Politicians, he noted, would always capitalise on assumed lacuna in the constitution to hide their insincerity on any issue, no matter how laudable, progressive, and straightforward the issue may be.

“On the FoI Act, they hide under the cover of federalism to argue that the law has to be domesticated by their respective state assemblies while the MDAs capitalise on the lack of readiness and selective application by the Federal Government to evade compliance. I think the way out is for stakeholders in the struggle for the enactment of the FoI Act to initiate litigation at the Supreme Court to set aside, or make a declaration on the needlessness of domestication of a lawfully enacted Act of the National Assembly,” he suggested.

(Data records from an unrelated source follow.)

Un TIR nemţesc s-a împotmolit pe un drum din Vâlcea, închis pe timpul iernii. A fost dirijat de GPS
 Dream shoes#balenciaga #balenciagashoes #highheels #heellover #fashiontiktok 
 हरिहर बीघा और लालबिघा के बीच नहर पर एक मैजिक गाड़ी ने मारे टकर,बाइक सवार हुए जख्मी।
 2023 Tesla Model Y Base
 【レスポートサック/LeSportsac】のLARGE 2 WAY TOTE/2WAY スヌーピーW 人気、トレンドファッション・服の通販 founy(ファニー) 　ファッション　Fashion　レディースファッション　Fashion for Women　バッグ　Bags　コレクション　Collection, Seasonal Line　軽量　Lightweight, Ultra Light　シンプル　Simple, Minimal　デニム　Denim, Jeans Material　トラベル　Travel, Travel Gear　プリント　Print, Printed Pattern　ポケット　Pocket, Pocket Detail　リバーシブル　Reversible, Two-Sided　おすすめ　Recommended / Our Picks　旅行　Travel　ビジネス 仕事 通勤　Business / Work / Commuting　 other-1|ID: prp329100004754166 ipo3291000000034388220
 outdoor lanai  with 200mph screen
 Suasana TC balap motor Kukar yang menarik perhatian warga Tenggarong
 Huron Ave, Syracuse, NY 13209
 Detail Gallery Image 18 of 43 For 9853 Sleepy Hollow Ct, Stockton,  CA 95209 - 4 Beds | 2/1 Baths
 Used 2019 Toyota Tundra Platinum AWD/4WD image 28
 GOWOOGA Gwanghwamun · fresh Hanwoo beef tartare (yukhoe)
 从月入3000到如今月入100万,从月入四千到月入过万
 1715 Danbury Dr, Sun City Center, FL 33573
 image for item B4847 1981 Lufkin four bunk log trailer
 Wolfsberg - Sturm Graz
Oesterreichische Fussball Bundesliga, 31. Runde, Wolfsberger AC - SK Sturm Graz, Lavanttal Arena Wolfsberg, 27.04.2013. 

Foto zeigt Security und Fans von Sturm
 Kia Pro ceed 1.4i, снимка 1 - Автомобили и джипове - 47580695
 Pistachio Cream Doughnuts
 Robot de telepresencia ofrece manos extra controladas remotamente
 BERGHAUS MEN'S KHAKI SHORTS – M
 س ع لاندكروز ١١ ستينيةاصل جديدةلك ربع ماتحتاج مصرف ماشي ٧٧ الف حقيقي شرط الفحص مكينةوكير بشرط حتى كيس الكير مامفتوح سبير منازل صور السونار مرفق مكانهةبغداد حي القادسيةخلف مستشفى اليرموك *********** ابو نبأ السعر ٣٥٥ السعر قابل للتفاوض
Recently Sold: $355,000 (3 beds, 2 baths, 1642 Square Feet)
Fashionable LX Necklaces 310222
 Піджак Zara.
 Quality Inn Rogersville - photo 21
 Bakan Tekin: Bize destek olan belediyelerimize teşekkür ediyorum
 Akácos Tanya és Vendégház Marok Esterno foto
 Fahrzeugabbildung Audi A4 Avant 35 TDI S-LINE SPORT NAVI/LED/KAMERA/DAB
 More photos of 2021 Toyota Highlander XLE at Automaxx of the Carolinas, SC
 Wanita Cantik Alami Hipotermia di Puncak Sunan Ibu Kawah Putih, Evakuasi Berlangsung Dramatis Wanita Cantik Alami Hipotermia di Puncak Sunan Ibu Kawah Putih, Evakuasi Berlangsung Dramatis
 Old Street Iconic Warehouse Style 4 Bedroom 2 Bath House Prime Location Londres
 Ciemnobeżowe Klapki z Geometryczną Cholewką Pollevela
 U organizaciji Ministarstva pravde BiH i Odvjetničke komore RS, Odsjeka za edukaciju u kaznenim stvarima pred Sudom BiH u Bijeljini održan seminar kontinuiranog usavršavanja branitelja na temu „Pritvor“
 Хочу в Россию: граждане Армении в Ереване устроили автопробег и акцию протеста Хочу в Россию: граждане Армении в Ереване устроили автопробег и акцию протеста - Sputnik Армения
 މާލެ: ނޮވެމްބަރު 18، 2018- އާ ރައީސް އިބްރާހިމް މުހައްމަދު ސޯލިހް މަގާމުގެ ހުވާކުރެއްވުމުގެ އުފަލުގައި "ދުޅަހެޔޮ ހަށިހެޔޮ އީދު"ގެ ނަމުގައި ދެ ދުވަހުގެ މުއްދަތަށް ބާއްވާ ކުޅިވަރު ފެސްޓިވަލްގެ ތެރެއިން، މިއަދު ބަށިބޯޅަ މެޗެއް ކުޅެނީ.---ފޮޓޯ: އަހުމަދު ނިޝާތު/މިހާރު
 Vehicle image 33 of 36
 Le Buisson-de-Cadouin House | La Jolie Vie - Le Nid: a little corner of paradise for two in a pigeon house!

He added that non-governmental organisations (NGOs) like the Socio-Economic Rights and Accountability Project (SERAP), MRA, the Nigeria Union of Journalists (NUJ); the Nigerian Guild of Editors (NGE), activists, and other stakeholders need to intensify public advocacy for the implementation of the FoI Act, and for the blacklisting of organisations, individuals, and governments that refuse to obey the law because of its importance for accountability, transparency, and national development.

According to the Executive Director of MRA, Edetaen Ojo, there are many issues responsible for the high level of non-compliance with the Freedom of Information Act by public institutions.

To Ojo, one of the challenges is the poor level of funding for the implementation of the Act and FoI-related activities by public institutions. This, he said, can be seen in the level of allocations contained in the fiscal spending.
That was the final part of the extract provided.